MS SQL: how to reorganize identity column values?

Mycroft Holmes

So did Geralds ideas help?

Never underestimate the power of human stupidity RAH

michal kreslik

hello, guys, thanks much for your suggestions! update: I have selected the 1.6 billion rows from the old table into a new table without any problems (it took a while, though). I did the cast to bigint on the way. the growth of the log file was nothing compared to me trying to change the Int32 to Int64 directly in the old table. I scripted the constraints from the old table and now I'm adding them to the new table (will take a while I guess as after adding the constraints I'm re-checking them) after that I'll take note what indexes were in the old table, I'll drop the old table, rename the new table and build the indexes on the new table. I'll update you how it goes. obviously, I have a full backup of the last state of the database (file copy DB + LOG). thanks again for you help so far! Michal

PIEBALDconsult

Mycroft Holmes wrote:

especially in the development phase

And after a few months or years? And, perhaps, you could mock it up; have your own Guid class that returns: g = new System.Guid ( "00000000-0000-0000-0000-000000000001" ) ; g = new System.Guid ( "00000000-0000-0000-0000-000000000002" ) ; etc. for during development.

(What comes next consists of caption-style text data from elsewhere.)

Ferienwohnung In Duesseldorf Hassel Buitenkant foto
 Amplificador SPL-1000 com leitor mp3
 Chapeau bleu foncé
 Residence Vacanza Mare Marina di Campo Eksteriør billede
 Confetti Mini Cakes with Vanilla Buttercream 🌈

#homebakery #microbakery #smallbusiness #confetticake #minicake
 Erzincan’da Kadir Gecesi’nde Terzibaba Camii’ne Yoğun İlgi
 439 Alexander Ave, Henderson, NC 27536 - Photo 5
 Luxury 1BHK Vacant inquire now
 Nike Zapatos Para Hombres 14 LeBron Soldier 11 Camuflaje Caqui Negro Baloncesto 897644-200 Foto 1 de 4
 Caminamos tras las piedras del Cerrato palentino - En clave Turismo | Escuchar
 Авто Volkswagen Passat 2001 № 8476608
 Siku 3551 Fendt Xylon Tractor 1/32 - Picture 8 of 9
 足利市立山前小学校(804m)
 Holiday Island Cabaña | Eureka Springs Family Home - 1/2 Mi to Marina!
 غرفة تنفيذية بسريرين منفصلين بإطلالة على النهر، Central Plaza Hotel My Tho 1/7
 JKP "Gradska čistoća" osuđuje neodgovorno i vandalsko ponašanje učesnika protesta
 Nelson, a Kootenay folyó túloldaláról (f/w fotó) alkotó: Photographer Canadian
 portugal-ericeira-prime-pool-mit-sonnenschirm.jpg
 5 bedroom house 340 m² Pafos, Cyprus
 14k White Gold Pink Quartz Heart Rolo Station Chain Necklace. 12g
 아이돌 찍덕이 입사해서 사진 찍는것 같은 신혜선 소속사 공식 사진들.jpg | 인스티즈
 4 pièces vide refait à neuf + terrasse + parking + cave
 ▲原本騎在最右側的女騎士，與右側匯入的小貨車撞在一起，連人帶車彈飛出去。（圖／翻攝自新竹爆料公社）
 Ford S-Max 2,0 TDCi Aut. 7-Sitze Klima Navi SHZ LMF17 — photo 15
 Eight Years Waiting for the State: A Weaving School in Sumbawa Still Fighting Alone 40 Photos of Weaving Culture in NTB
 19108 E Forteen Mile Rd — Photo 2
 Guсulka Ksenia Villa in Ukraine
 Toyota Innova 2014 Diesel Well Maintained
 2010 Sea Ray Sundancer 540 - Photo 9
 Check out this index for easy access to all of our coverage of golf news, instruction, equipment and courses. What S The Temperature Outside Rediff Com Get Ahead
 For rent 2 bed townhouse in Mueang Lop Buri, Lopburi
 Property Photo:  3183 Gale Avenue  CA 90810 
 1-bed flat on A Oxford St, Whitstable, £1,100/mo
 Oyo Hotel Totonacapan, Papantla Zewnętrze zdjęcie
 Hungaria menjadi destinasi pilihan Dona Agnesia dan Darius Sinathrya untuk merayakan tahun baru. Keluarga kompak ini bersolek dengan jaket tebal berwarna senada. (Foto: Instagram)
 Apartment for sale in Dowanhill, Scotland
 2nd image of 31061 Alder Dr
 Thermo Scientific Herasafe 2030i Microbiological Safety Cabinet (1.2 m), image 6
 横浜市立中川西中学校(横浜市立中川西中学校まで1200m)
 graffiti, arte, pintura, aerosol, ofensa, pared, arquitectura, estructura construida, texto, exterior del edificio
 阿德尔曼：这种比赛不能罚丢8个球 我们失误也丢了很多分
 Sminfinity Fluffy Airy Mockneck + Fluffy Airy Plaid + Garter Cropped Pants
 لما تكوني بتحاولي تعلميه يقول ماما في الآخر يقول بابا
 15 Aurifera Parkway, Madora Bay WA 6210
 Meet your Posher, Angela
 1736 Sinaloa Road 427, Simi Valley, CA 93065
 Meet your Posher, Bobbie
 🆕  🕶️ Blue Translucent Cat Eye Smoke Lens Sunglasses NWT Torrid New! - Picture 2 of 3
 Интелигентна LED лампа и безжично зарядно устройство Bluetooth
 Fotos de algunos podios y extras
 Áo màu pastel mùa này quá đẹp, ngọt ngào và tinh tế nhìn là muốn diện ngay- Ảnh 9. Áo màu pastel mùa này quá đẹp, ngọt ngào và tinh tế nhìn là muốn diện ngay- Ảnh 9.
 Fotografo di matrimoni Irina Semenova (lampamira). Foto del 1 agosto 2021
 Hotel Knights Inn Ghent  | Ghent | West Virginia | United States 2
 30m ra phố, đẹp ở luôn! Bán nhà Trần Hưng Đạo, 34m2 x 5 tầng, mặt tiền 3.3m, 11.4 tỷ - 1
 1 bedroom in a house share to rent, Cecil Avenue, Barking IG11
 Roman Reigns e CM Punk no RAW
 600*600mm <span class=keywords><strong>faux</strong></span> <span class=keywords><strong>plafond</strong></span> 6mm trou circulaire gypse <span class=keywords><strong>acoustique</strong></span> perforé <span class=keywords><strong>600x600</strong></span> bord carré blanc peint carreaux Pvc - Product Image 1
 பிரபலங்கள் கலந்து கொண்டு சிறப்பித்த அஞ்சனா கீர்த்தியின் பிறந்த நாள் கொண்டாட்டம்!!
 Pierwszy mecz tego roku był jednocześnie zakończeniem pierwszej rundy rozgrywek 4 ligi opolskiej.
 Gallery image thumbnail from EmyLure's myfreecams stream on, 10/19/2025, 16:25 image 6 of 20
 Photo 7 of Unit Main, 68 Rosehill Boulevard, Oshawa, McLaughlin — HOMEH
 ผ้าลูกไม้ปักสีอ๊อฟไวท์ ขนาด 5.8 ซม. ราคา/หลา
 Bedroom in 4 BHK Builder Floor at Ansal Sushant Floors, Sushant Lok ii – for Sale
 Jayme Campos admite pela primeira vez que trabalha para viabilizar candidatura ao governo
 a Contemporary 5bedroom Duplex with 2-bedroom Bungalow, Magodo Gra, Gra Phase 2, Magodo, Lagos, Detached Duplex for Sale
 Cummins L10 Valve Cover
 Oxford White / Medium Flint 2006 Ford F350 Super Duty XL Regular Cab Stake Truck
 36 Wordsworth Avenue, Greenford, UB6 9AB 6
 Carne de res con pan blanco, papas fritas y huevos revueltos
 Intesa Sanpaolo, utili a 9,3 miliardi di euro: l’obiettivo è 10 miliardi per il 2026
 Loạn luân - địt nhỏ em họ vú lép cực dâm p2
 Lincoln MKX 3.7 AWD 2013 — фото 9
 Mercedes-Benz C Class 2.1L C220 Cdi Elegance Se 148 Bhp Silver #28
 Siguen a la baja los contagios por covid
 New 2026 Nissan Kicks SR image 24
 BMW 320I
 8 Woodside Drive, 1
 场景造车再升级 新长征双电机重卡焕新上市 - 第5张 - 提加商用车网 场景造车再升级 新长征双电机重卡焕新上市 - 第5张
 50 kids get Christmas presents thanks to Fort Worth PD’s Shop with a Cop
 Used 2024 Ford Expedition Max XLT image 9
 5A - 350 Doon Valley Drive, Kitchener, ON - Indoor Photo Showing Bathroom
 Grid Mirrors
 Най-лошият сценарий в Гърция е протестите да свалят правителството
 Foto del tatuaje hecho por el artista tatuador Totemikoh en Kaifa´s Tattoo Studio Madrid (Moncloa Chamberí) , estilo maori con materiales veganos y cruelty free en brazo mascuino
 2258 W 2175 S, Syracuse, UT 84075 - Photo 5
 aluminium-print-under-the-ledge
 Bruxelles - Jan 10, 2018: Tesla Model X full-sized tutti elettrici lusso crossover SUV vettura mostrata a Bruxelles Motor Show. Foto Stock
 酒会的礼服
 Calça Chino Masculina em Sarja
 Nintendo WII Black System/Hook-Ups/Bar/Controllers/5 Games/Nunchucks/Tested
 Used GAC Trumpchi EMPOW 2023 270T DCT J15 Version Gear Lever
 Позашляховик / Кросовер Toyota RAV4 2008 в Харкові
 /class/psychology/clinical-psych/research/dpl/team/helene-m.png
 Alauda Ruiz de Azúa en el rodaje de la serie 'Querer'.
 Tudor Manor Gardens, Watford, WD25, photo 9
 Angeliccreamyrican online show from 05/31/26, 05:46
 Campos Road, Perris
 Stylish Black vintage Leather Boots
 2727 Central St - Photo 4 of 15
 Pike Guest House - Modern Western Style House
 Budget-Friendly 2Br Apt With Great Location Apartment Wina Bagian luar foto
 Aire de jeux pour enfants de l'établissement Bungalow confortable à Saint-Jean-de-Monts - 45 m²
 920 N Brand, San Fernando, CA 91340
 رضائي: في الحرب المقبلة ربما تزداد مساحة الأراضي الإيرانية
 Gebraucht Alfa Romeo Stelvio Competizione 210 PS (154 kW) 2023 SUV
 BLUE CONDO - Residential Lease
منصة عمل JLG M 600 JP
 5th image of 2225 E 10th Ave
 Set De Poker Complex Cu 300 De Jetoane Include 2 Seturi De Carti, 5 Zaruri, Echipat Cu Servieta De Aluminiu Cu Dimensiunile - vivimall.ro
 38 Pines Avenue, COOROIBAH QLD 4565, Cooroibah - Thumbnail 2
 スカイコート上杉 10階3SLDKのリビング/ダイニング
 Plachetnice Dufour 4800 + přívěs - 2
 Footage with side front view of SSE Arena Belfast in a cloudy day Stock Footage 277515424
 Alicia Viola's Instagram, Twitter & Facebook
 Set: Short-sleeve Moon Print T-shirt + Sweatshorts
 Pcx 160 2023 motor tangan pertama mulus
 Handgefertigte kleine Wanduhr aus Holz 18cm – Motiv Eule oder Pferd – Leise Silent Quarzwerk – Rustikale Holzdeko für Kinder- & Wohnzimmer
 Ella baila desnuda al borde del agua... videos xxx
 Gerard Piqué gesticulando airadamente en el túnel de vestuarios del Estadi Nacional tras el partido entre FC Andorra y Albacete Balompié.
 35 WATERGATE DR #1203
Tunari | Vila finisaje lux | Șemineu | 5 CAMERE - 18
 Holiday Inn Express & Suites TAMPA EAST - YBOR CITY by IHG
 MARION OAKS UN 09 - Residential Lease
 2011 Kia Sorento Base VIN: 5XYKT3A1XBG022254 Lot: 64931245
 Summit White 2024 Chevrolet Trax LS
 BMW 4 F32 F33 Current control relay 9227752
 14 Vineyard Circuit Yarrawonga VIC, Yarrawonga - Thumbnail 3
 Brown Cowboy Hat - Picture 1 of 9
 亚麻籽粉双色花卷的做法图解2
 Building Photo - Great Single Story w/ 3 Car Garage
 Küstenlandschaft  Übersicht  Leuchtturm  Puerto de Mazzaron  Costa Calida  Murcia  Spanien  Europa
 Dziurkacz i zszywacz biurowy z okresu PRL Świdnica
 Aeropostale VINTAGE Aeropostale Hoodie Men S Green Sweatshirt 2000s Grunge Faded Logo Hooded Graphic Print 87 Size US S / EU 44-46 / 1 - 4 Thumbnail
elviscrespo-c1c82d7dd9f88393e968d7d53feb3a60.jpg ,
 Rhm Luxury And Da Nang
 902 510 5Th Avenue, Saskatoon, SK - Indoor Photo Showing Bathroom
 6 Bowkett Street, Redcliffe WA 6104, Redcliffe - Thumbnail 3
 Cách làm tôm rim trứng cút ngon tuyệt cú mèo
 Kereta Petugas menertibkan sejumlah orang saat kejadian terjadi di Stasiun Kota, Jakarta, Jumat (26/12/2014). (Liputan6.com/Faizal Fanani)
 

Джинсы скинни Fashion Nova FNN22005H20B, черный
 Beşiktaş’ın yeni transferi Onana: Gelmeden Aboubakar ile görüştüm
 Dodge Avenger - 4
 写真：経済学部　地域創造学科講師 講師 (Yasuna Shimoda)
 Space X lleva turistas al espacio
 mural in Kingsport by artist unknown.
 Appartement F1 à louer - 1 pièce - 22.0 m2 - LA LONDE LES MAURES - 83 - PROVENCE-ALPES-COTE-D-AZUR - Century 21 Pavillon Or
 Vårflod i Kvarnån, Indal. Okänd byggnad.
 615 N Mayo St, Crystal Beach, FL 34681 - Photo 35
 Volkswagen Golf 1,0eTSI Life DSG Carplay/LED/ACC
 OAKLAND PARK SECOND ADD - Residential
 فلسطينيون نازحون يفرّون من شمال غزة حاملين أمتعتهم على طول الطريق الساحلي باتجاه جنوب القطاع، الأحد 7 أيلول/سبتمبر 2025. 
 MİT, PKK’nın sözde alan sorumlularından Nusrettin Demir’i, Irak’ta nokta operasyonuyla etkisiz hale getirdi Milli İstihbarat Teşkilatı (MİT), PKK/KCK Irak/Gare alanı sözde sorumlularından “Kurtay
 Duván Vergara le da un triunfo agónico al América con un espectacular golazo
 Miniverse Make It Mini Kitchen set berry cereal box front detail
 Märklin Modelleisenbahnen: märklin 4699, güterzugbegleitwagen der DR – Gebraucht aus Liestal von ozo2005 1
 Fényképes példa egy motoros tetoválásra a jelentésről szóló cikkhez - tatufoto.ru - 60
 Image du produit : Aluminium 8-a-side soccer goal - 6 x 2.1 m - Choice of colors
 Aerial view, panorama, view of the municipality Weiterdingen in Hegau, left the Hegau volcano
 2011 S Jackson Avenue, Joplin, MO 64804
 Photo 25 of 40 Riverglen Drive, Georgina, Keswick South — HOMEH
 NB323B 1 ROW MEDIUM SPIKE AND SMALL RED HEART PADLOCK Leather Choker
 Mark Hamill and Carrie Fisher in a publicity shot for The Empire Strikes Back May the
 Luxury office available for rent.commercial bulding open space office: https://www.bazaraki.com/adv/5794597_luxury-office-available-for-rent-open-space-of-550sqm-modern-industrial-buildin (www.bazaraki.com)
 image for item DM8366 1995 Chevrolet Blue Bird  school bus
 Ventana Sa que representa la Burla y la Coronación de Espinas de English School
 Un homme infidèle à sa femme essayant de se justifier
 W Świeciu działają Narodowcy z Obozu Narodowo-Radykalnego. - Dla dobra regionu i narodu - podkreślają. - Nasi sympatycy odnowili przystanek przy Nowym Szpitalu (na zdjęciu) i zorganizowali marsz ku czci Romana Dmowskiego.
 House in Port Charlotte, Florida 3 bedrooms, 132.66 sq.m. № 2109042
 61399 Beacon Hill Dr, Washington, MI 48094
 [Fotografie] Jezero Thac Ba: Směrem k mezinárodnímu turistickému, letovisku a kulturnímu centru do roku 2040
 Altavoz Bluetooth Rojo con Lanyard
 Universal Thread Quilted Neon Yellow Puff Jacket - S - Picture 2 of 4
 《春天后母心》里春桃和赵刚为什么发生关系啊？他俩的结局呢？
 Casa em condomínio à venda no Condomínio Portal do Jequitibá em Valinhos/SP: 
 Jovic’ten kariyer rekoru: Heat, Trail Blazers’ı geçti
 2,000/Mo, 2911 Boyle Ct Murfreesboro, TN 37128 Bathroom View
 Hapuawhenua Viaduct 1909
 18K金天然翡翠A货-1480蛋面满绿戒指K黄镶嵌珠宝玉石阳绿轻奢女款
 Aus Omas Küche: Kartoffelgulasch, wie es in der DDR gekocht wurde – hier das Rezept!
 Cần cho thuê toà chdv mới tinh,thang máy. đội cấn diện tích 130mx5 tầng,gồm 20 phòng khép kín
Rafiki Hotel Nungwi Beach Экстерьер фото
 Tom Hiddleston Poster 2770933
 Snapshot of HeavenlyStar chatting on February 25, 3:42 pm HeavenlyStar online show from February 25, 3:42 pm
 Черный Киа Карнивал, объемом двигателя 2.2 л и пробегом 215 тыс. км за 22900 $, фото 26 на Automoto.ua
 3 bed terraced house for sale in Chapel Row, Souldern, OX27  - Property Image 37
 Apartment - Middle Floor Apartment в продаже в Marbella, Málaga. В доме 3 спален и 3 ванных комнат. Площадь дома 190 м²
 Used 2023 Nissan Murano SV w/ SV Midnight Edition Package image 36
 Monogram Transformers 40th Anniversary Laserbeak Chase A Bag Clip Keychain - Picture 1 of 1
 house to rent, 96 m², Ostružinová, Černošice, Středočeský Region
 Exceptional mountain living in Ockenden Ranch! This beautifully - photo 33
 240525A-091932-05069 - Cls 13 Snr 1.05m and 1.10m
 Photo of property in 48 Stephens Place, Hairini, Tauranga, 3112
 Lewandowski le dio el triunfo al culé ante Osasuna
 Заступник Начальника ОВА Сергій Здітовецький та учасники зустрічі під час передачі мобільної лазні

P.S. Maybe I should get right on that.

Mycroft Holmes

After a few more years it is the problem of the support team :rolleyes: . I know that's not a reasonable answer!

PIEBALDconsult wrote:

And, perhaps, you could mock it up; have your own Guid class that returns:

and the difference between

Select * from SomeTable where ID = 1

and

Select * from SomeTable where ID = '00000000-0000-0000-0000-000000000001'

Is that in the 2nd instance I HAVE to cut and paste or 29 key strokes plus 4 shifts oh yeah and the ', and I can remember 1. Nope guids are a developers nightmare, if I knew before hand that a contract used guids for IDs I would refuse the contract (I have not been desperate for work for a looong time). IMHO the only valid application for guids is in a distributed application where the data is to be merged and even then I would opt for a locationid or only put the guids on the transaction table!

Never underestimate the power of human stupidity RAH

PIEBALDconsult

Well, I've used them for a few projects now (by choice) and I find them superior in ways that matter to me.

Mycroft Holmes

PIEBALDconsult wrote:

I find them superior in ways that matter to me

Would you care to elaborate, I'm very interested to hear how they are of a benefit other than the distributed requirement I am aware of.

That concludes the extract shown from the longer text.